Pour éviter que la cession foncière soit regardée comme un marché public, il faut donc que les charges imposées par la personne publique soient avant tout dans l’intérêt de l’opération (et pas uniquement dans l’intérêt général).

Par exemple, la « charge » consistant en la réalisation d’équipements routiers (nouvelle voirie, carrefour) par l’acquéreur de parcelles du domaine privé, répond à l’intérêt propre de celui-ci pour l’exploitation du centre commercial projeté, la réalisation de ces équipements ne constitue pas l’objet principal du contrat[7].

C’est également le cas lorsque les charges imposées résident en la demande d’une commune au cessionnaire de modifier la taille des appartements qu’envisage de réaliser ce dernier sur le terrain cédé par la commune[8] ou qu’elles constituent des orientations très générales données par la commune[9], l’opération ne répond pas à un besoin de la personne publique.

Pour conclure, on peut relever que lorsque les travaux « exigés » par la personne publique ne constituent qu’une modalité de paiement d’une partie du prix de vente, ne représentant qu’un quart de ce prix[10], la cession foncière n’est pas regardée comme un marché public.

En définitive, tout est donc une affaire d’espèce.

Et chaque opération de cession foncière tout comme la nature des charges éventuellement imposées à l’acquéreur doivent donc être appréciées au cas par cas au regard de l’intérêt général et de l’intérêt de l’opération, afin d’apprécier si elle ne dissimule pas en réalité un marché public.

[1] CE, 14 octobre 2015, Commune de Châtillon-sur-Seine, n°375577 ; CAA Nancy, 8 février 2018, SCI Les Grands champs, n°16NC01226.

[2] Par exemple : CAA Douai, 25 octobre 2012, Société Immobilière Carrefour, n°11DA01951.

[3] Article R. 3211-2 du Code général de la propriété des personnes publiques.

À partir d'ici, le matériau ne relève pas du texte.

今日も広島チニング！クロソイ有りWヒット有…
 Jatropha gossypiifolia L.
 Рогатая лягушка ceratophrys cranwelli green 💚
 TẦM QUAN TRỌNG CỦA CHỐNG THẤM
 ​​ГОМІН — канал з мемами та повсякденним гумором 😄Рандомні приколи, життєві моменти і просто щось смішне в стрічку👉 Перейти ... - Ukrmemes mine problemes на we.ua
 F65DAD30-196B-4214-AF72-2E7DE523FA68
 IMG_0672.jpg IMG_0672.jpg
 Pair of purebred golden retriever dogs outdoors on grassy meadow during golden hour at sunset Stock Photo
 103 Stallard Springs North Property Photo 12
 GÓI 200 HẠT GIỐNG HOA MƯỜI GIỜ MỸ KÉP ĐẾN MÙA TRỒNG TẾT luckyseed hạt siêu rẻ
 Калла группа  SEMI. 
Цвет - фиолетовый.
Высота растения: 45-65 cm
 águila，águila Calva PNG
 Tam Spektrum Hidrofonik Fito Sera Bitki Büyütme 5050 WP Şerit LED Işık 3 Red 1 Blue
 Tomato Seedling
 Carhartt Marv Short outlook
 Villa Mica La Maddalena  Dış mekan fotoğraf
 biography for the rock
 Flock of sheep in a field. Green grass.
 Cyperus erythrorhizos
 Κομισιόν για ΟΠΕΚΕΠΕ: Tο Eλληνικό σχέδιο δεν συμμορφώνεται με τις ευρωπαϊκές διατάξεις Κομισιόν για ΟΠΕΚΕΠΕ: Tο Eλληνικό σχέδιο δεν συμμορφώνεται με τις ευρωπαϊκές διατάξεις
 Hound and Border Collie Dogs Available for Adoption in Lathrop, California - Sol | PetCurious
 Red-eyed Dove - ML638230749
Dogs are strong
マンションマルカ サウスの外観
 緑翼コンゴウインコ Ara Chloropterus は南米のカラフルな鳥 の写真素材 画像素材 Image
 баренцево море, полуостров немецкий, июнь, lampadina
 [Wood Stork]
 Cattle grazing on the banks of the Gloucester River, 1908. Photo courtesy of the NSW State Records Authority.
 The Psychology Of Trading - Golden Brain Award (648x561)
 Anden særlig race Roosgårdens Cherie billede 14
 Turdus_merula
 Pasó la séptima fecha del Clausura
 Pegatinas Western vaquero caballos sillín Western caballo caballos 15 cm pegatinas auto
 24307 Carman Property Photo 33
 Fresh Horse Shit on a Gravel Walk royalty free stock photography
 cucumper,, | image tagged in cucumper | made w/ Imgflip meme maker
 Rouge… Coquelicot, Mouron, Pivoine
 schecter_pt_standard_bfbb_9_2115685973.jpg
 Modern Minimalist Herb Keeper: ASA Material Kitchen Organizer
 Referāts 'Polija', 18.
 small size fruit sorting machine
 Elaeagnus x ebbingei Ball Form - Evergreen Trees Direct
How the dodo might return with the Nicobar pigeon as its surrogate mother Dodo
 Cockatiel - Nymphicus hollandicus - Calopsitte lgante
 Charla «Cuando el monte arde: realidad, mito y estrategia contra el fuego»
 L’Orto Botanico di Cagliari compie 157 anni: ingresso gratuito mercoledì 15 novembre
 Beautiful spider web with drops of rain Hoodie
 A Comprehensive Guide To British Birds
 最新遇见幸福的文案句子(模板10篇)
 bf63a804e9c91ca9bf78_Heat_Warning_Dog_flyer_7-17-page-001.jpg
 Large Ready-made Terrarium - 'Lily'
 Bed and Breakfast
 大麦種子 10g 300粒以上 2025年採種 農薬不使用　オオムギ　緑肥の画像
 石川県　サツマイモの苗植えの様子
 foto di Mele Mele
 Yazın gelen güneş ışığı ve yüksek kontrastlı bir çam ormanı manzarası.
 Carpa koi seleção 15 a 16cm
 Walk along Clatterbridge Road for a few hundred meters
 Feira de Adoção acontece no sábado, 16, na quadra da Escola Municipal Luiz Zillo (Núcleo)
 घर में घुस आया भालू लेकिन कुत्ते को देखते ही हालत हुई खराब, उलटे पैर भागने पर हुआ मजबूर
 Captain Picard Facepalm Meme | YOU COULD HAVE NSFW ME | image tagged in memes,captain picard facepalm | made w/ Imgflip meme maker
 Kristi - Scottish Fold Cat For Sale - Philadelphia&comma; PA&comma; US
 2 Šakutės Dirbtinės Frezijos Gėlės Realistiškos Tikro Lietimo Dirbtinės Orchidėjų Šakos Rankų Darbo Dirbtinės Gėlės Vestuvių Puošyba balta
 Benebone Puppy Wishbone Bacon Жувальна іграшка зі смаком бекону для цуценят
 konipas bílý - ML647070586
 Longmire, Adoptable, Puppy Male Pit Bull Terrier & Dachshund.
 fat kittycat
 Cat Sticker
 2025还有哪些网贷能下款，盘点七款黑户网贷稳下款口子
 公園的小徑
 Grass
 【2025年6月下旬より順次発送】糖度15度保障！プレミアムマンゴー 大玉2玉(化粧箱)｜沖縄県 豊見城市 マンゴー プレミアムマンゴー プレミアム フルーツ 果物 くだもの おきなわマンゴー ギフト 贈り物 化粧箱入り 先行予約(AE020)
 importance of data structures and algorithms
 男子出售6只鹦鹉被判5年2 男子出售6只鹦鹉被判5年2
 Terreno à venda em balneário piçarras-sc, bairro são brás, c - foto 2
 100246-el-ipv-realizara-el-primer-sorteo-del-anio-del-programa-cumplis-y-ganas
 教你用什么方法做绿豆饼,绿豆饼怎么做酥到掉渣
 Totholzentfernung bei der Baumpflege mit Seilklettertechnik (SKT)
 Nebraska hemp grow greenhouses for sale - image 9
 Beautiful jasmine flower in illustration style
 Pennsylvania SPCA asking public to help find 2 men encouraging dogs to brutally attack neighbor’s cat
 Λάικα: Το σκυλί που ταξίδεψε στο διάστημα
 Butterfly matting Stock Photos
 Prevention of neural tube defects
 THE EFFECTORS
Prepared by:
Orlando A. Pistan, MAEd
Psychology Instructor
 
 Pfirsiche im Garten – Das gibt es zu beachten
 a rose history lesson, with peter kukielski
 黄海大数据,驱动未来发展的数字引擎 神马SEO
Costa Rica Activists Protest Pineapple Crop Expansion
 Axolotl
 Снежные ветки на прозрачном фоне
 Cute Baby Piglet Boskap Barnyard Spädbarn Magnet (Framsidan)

[4] CE, 27 mars 2017, Sociétés Procedim et Sinfimmo, n° 390347 ; CE, 16 avril 2019, n°420876 ; « Aucune disposition législative ou réglementaire n’impose à une personne morale de droit public autre que l’État de faire précéder la vente d’une dépendance de son domaine privé d’une mise en concurrence préalable » ; CAA Bordeaux, 18 juillet 2016, n°15BX00192. La personne publique peut cependant faire le choix de soumettre la cession de son bien dans le cadre d’une procédure de mise en concurrence, mais elle devra alors respecter cette procédure (par exemple : CAA Nancy, 23 juillet 2020, n° 18NC02029).

[5] Voir particulièrement en ce sens : CAA Marseille, 25 févr. 2010, Commune de Rognes, n°07MA03620 : « Aucune disposition législative ou réglementaire n’impose aux collectivités locales de faire précéder la simple cession d’un immeuble du domaine privé de mesures de publicité et d’organiser une mise en concurrence des acquéreurs éventuels; que, toutefois, la conclusion par ces personnes publiques de contrats emportant cession d’un immeuble de leur domaine privé dont l’objet principal est de confier à un opérateur économique la réalisation de travaux en vue de la construction, selon des spécifications précises imposées par lesdites personnes publiques, d’ouvrages qui, même destinés à des tiers, répondent à un besoin d’intérêt général défini par lesdites collectivités, est soumise aux obligations de publicité et de mise en concurrence résultant des principes généraux du droit de la commande publique » ; CAA Bordeaux, 18 juillet 2016, n°15BX00192 ; CAA Nancy, 22 juin 2021, n° 19NC02745.

[6] Article L. 1312-1 du Code de la commande publique.

[7] CAA Douai 25 octobre 2012, n° 11DA01951 ; Voir également en ce sens : CAA Nantes, 19 avril 2013, n° 12NT00071

[8] CAA Nancy, 22 juin 2021, n° 19NC02745.

[9] CAA Bordeaux, 18 juillet 2016, n°15BX00192.

[10] CAA Nantes, 19 septembre 2014, n° 12NT02593.